Hüzünlü bir hikaye ve hüzünlü bir soru gerçekten de... (Başı sağolsun!). Fakat buradaki asıl hüzünlü olan, konunun Türkiye olması ve tarihi “biz nerede yanlış yaptık” sorusunda.
Özkök’e katılıyorum yazdıkları gerçekten de hepimizin hikayesi. Fakat kendisi de iyi bilecektir ki söz konusu çağ, tarih, ülke ulus olduğunda çok daha büyük tarihler da var ve bunlar öyle birbirinden kopuk falan değiller. Özel olarak belirtmese de sanırım Özkök de “Öyleyse biz nerede yanlış yaptık...” sorusunu tam da bunun için soruyor olmalı? Çünkü Türkiye bunları da konuşmaya başladı ve ortak geleceğimizin önünü asıl bu konuşmalar açacak diye düşünüyorum.

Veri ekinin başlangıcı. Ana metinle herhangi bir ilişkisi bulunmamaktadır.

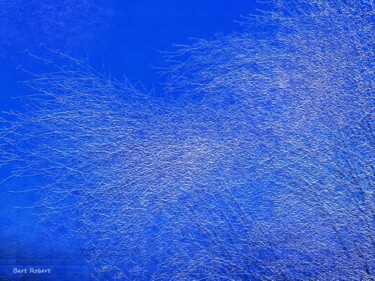Arte digitale intitolato "Rami invernali" da Roberto Bartoccini, Opera d'arte originale, Pittura digitale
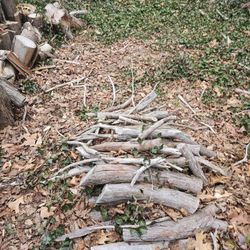 Free Firewood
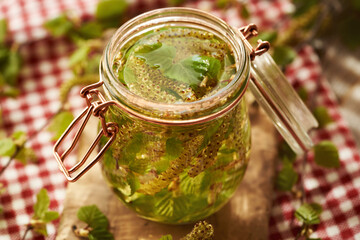 Preparation of herbal tincture from fresh birch leaves and catkins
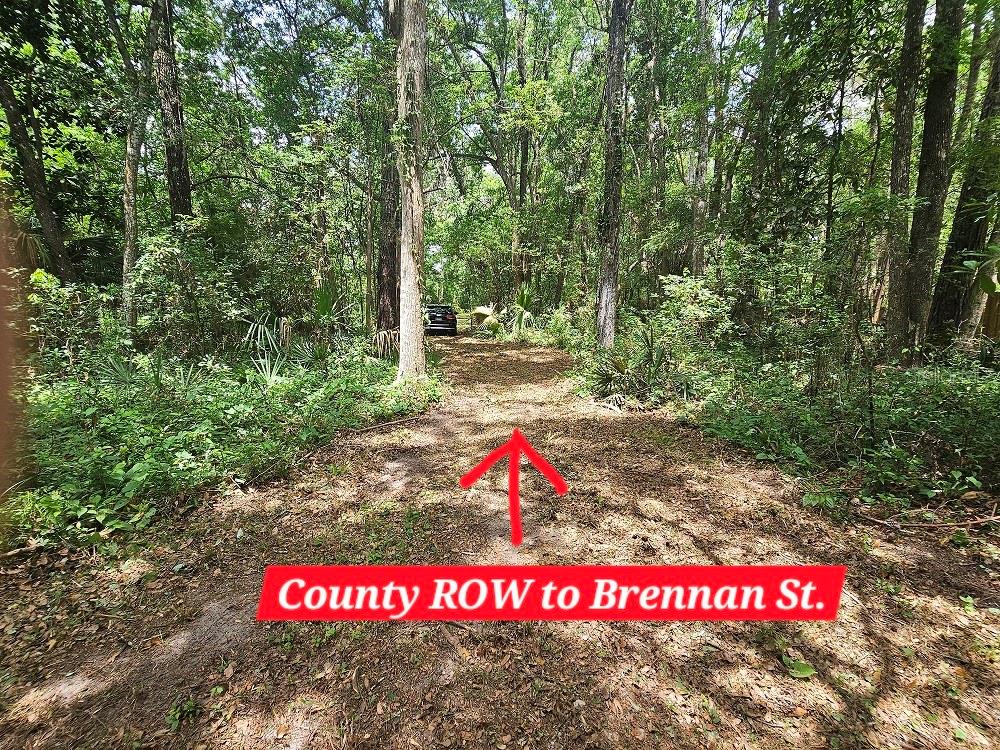 Image 23 of 30 For Brennan Street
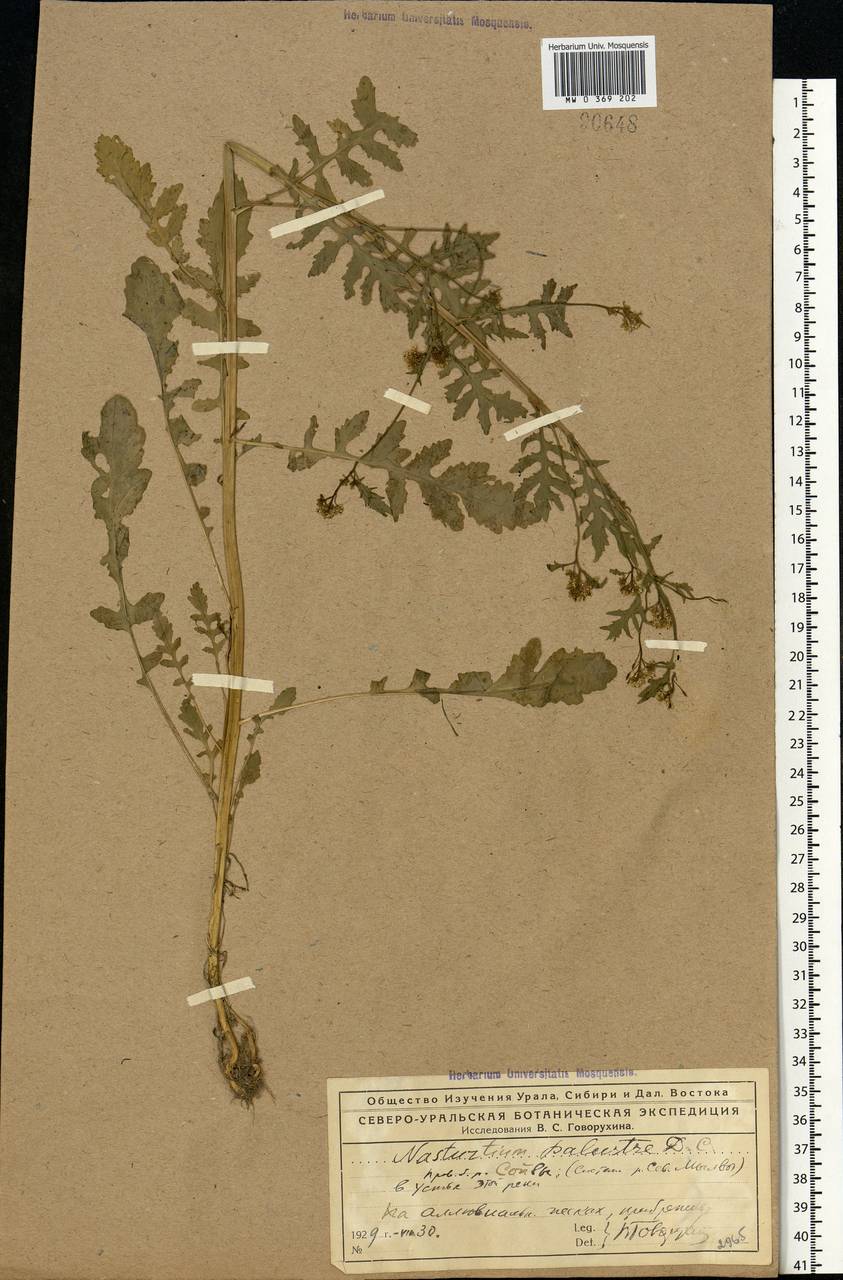 Rorippa palustris (L.) Besser, Eastern Europe, Northern region (E1) (Russia)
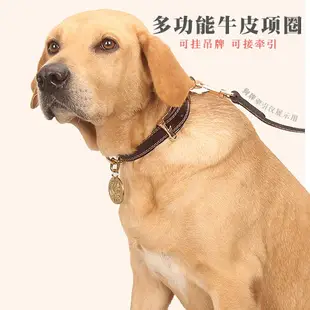 狗狗真皮項圈中大型小型犬金毛泰迪柯基狗頸圈牛皮脖圈項鏈可調節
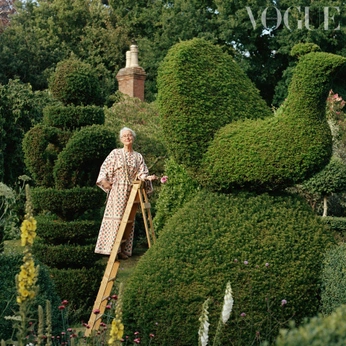 A cover of "Ever Green" cluster. The owner is melovkap. The cluster consists of 9 elements.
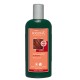 Shampooing Reflets Henné 250mL-LOGONA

Ah empati! Biraz daha empati! Siyasi ahlaki ve kültürel olarak da samimiyetle empati!
Konuyla ilgilenenler bilecektir: Musevi inancına göre, siyasi toplumsal bireysel vb. her anlamda önünüzü göremediğinizde, ne olduğunu tam olarak anlayamadığınızda, işin aslını öğrenmek, doğru kararlar vermek, karmaşa ve kaostan kurtulmak gibi bir derdiniz olduğunda yardımınıza Tanrı’nın temsilcisi olduğuna inanılan baş melek Uriel’in koşacağına inanılır. Çünkü bu inanışa göre, Uriel bir tür “Geleceği Getiren”, insan zihnine yeni yeni fikirler, bilgiler, öngörüler ile karşılaşılan sorunları doğru anlayıp kavrama yeteneği ve çözümler ile donatan bir melektir. Yine bilinecektir ki Uriel’in İslam dinindeki karşılığı ise “vahiy meleği” olarak da kabul edilen Cebrail Aleyhisselâm’ın ta kendisidir.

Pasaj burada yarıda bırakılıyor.